[Start of section]
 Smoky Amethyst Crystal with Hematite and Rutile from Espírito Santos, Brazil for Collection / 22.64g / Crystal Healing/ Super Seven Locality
[End of section]
[Start of section]
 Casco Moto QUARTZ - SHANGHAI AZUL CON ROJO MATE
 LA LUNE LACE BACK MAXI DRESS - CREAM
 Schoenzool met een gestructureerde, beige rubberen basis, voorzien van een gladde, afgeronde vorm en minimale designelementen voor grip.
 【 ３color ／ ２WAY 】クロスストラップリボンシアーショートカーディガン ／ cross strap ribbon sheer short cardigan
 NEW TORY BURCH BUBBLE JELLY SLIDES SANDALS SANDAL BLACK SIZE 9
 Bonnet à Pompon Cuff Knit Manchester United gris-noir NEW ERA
[End of section]
» **TASK DETAILS**
Where the line holding "Schoenzool met een" appears in the listing above, start reproducing exactly, and end with the line holding "Bonnet à Pompon".

» **RESPONSE TO THIS EXERCISE**
 Schoenzool met een gestructureerde, beige rubberen basis, voorzien van een gladde, afgeronde vorm en minimale designelementen voor grip.
 【 ３color ／ ２WAY 】クロスストラップリボンシアーショートカーディガン ／ cross strap ribbon sheer short cardigan
 NEW TORY BURCH BUBBLE JELLY SLIDES SANDALS SANDAL BLACK SIZE 9
 Bonnet à Pompon Cuff Knit Manchester United gris-noir NEW ERA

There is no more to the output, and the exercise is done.